Human Accomplishment : The Pursuit of Excellence in the Arts and Sciences, 800 B.C. to 1950
- Author: Charles Murray
- Cover artist: Robert Bull Design
- Language: English
- Subjects: Art, science
- Publisher: HarperCollins
- Publication date: 9 October 2003
- Publication place: United States
- Media type: Print (Hardcover and Paperback)
- Pages: 668
- ISBN: 978-0060192471
- OCLC: 52047270

= Human Accomplishment =

2003 book by Charles Murray

Human Accomplishment: The Pursuit of Excellence in the Arts and Sciences, 800 B.C. to 1950 is a 2003 book by the political scientist Charles Murray. Surveying outstanding contributions to the arts and sciences from ancient times to the mid-twentieth century, Murray attempts to quantify and explain human accomplishment worldwide in the fields of arts and sciences by calculating the amount of space allocated to them in reference works, an area of research sometimes referred to as historiometry.

==Index scores==
Murray ranks the leading 4,000 innovators in several fields of human accomplishment from 800 BC to 1950. In each field Murray identifies a number of sources (leading encyclopedias, histories and surveys) providing information about the leading figures in the field. The rankings are made from information in these sources. A raw score is determined based on how many sources mention and on how much space in each source is devoted to a person. Then these raw scores are normalized so that the lowest score is 1 and the highest score is 100. The resulting scores are called "Index Scores".

== Analysis ==
According to Murray's analysis, accomplishment has not been uniformly distributed. For example, in Italian Renaissance, accomplishment was concentrated in Florence and Venice. In the British Isles, around London, the industrial north, and lowland Scotland. Another result of his analysis was that most innovation has been accomplished by men, not women, and Europeans, not other ethnic and cultural groups.

There is a relationship between closeness to elite universities and human accomplishment (but not between non-elite universities and accomplishment). Furthermore, innovation is self-reinforcing: where there has been innovation, likely more will occur.

The book argued that streams of accomplishment are fostered by political regimes that give de facto freedom of action to their potential artists and scholars. This means freedom of expression and innovation. It does not necessarily mean democracy although totalitarianism suppressed innovation. War and civil unrest did not affect innovation.

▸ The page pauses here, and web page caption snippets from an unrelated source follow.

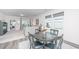 Bright living room featuring hardwood floors, recessed lighting and a smooth transition to the dining area at 109 Lyra Ln, Summerville, SC 29486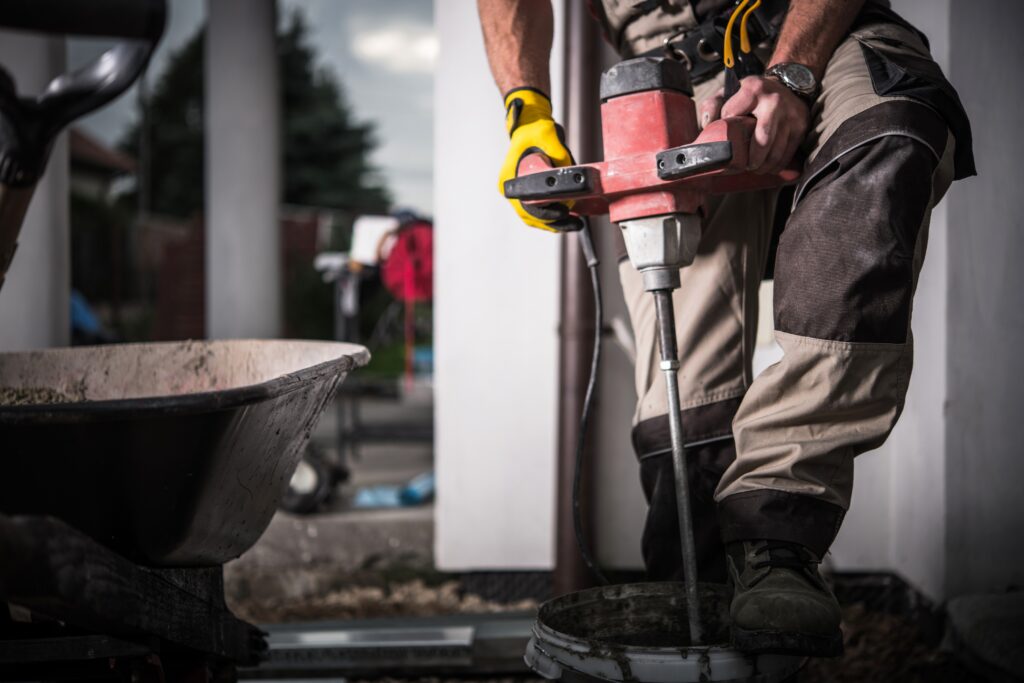 Construction Worker Mixing Cement with a Power Mixer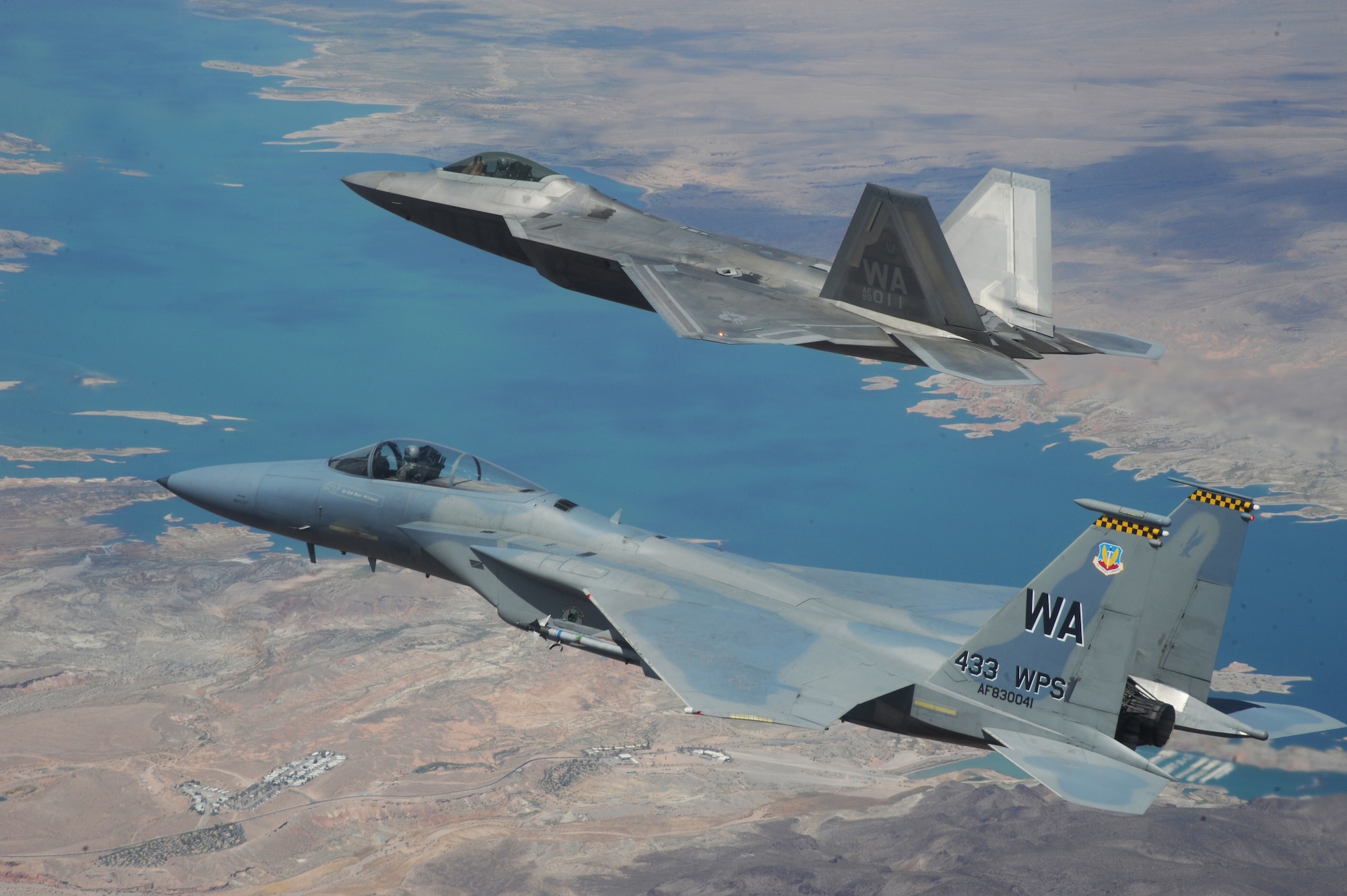 NELLIS AIR FORCE BASE, Nev.--An F-22A Raptor and F-15C Eagle from the U.S. Air Force Weapons School's 433rd Weapons Squadron fly in formation over Lake Mead, Nev., on July 16, 2010. The 433rd WPS is the only Weapons School squadron that operates two different types of aircraft.  The Weapons School began in the late 1940s as the U.S. Air Force Gunnery School and teaches graduate-level instructor courses, providing the world's most advanced training in weapons and tactics employment. (U.S. Air Force photo by Master Sgt. Kevin J. Gruenwald)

Religious liberty increased innovation. Jews had "sparse representation in European arts and sciences through the beginning of the 19th century", but within a century Jews were disproportionately represented (except in astronomy). This coincided with the emancipation of Jews who earlier had been denied legal rights and access to universities and public office.

The highest scoring woman in a category was Murasaki Shikibu among Japanese literature. The highest in western literature was Virginia Woolf. The highest in science was Marie Curie.

== Decline ==
In Human Accomplishment, Murray concludes that Western civilization is in decline based in part on his qualitative judgement that there has been less creative activity in the Western world during the late twentieth century.

He argued that the world's per capita progress in the Sciences and especially the Arts have declined, usually starting sometimes in the nineteenth century. In part this is due to diminishing returns. In the final chapters he abandons empirical analysis, writing "I cannot supply Quantitative measures", and the analysis is "less Quantitative, more speculative, and definitely more opinionated." He argued, based on Aristotle in the Nicomachean Ethics, that innovation is increased by beliefs that life has a purpose and that the function of life is to fulfill that purpose; by beliefs about transcendental goods and a sense of goodness, truth and beauty; and by beliefs that individuals can act efficaciously as individuals, and a culture that enables them to do so. Murray argued that there is an absence of this in the current secularist and nihilist society which has caused the decline.

== Reviews ==

The American Library Association: Murray says, "Achievements that require mental and spiritual effort are the highest forms of human endeavor". He has scanned the most reputable biographical dictionaries and histories of the Arts, Philosophy, and Sciences to find who and what, during 800 B.C.–1950, are mentioned in them. He came up with 4,139 people and a list of events and ponders 20 persons in each of nine scientific, three philosophic, and nine artistic fields who were most extensively covered in the resources. More than 80 percent are "dead white males," and Murray carefully examines why. The greatest achievements of India, China, Japan, and Islam occurred well before the West took off during the Renaissance, and each of those cultures valued duty, family, and consensus, whereas the West prefers individualism, the sine qua non of scientific debate and discovery. Further, the scientific method was a set of Western "meta-inventions" (Murray's term) that arose, fortunately, simultaneously with the ratification of Thomism, with its dual emphasis on Faith and Reason, by the most important Cultural force in the West, the Roman Catholic Church of overarching importance to great achievements in any culture. Murray argues that life has purpose and belief in ideals of beauty, truth, and goodness.